* Your goal
A complete, exact copy of the data is the required answer.

* Available data
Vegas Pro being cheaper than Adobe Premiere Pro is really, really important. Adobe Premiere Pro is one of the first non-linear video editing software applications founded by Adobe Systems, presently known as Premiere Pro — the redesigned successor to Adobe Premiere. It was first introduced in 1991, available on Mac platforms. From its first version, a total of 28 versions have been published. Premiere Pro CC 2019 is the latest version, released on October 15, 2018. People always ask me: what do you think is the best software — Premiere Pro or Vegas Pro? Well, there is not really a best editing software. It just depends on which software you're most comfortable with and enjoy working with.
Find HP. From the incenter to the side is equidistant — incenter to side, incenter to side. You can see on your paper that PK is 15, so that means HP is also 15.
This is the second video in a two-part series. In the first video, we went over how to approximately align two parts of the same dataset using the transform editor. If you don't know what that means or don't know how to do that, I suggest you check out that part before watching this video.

* Result of the task
Vegas Pro being cheaper than Adobe Premiere Pro is really, really important. Adobe Premiere Pro is one of the first non-linear video editing software applications founded by Adobe Systems, presently known as Premiere Pro — the redesigned successor to Adobe Premiere. It was first introduced in 1991, available on Mac platforms. From its first version, a total of 28 versions have been published. Premiere Pro CC 2019 is the latest version, released on October 15, 2018. People always ask me: what do you think is the best software — Premiere Pro or Vegas Pro? Well, there is not really a best editing software. It just depends on which software you're most comfortable with and enjoy working with.
Find HP. From the incenter to the side is equidistant — incenter to side, incenter to side. You can see on your paper that PK is 15, so that means HP is also 15.
This is the second video in a two-part series. In the first video, we went over how to approximately align two parts of the same dataset using the transform editor. If you don't know what that means or don't know how to do that, I suggest you check out that part before watching this video.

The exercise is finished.